Antara Enggan Menjalankan Tugas vs. Malas Evaluasi dan Berbenah
Disporyata, satu-satunya Dinas yang mewadahi seni dan budaya juga sangat kentara minim pergerakannya. Mereka terlihat cuma mengurus event tahunan atau acara yang bersifat seremonial saja. Festival Keriaan Depok 2024 misalnya, cukup problematik di Youth Festival Band. Selain sepi pengunjung dan peserta band yang sedikit, tidak dijelaskan siapa jurinya pula melalui flyer. Lalu band tamu yang secara tiba-tiba tidak hadir menambah kerunyaman. Sehingga mereka memaksa peserta band yang telah tampil berlomba untuk unjuk gigi kembali dengan menjanjikan penambahan poin agar kesempatan juara makin luas.
Saya mendengar sendiri dari Corale Riff, salah satu band Depok yang mengikuti rangkaian acara tersebut. Mereka diminta untuk tampil kembali setelah panas-panasan di panggung yang tak layak itu. Corale Riff tentu saja merasa keberatan. Tapi dengan gaya militeristiknya, panitia dari Disproyata itu berucap, “Bandnya cewek semua sih, jadi ribet, susah deh kalo menang.”
Benar, Corale Riff di urutan kedua terakhir dari 8 band yang tampil. Pemenangnya jelas, salah satu band yang bersedia tampil kembali. Band pemenang tersebut juga diduga punya kedekatan terhadap juri. Cyiaaaah.
Selain harus menggantikan pola pikir patriarkinya dan membenahi panggung “busuknya”, mereka sebenarnya punya tugas utama yang kerap luput dari agenda. Pemerintah harus aktif mendatangi, memetakan, dan menghubungkan ruang-ruang seni di Depok dengan program strategis.
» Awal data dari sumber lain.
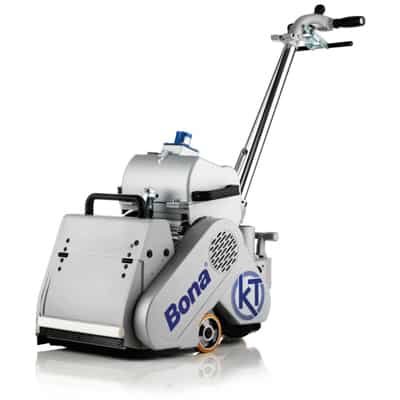 Bandschleifmaschine mieten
Bagaimana bisa membuat kebijakan seni dan budaya kalau absen terus di kegiatan kesenian?
Masa Kelabu dan Alasan Absen yang Realistis
Di ranah film pun, Depok punya peristiwa pahit. Tahun 2019 sebelum pandemi, film Kucumbu tubuh Indahku karya Garin Nugroho pernah dilarang tayang di seluruh bioskop Depok. Pemerintah melalui wali kota Muhammad Idris menyatakan bahwa film itu bertentangan dengan nilai-nilai agama. Mereka bersurat ke KPI menyatakan keberatan dan sampai effort menyurati bioskop-bioskop di Depok untuk mematuhi aturan tersebut.
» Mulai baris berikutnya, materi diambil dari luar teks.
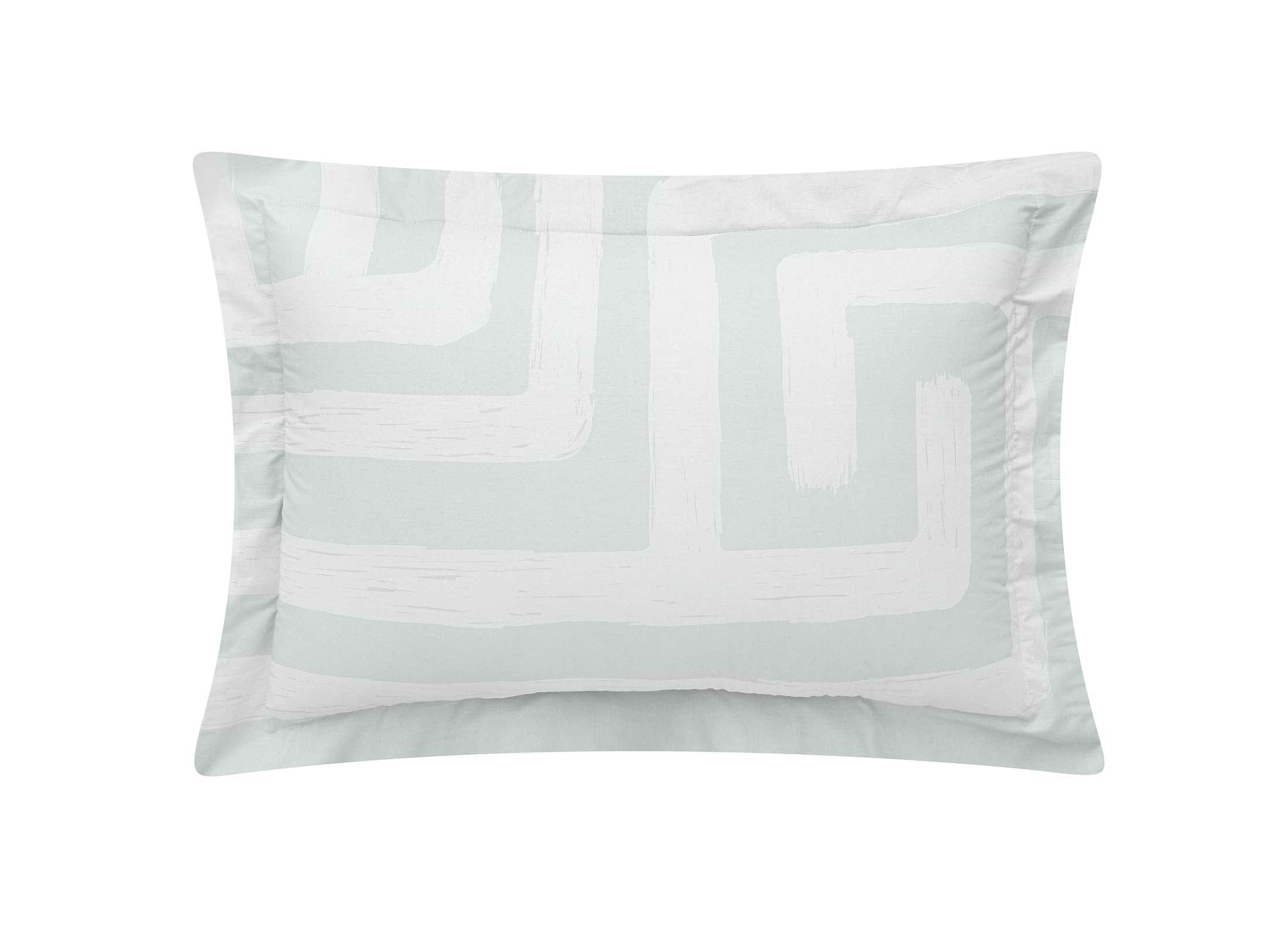 Almohadón Pisani Menta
Bagaimana bisa selevel pemerintah menggunakan justifikasi moral dan agama untuk membatasi ruang ekspresi seni? Dengan mengklaim bahwa sebuah film “bertentangan dengan nilai agama” tanpa ruang diskusi yang baik, bukankah membuka pintu pada intoleransi dan menguatkan stigma terhadap kelompok tertentu?
Alih-alih melarang, pemerintah bisa saja memfasilitasi ruang dialog, diskusi publik, atau forum kritik film. Ini akan lebih bermanfaat dalam membangun pemahaman warga ketimbang menutup akses sama sekali.
Begitulah realitas pemangku kebijakan kita. Walau kini kita sedang dianugerahi banyak talenta dan ruang, tanpa itu semua, Depok akan terus berada di pinggiran peta kesenian Indonesia karena pemerintahnya tidak memiliki political will.
Tapi saya rasa ada alasan tersendiri absennya mereka selain kepentingan politik dan panggung pencitraan. Mungkinkah Pemerintah Kota Depok dan Disporyata sendiri tidak memiliki pemahaman yang kongkrit bahwa seni dan budaya itu bisa diintegrasikan ke dalam strategi pembangunan ekonomi kreatif?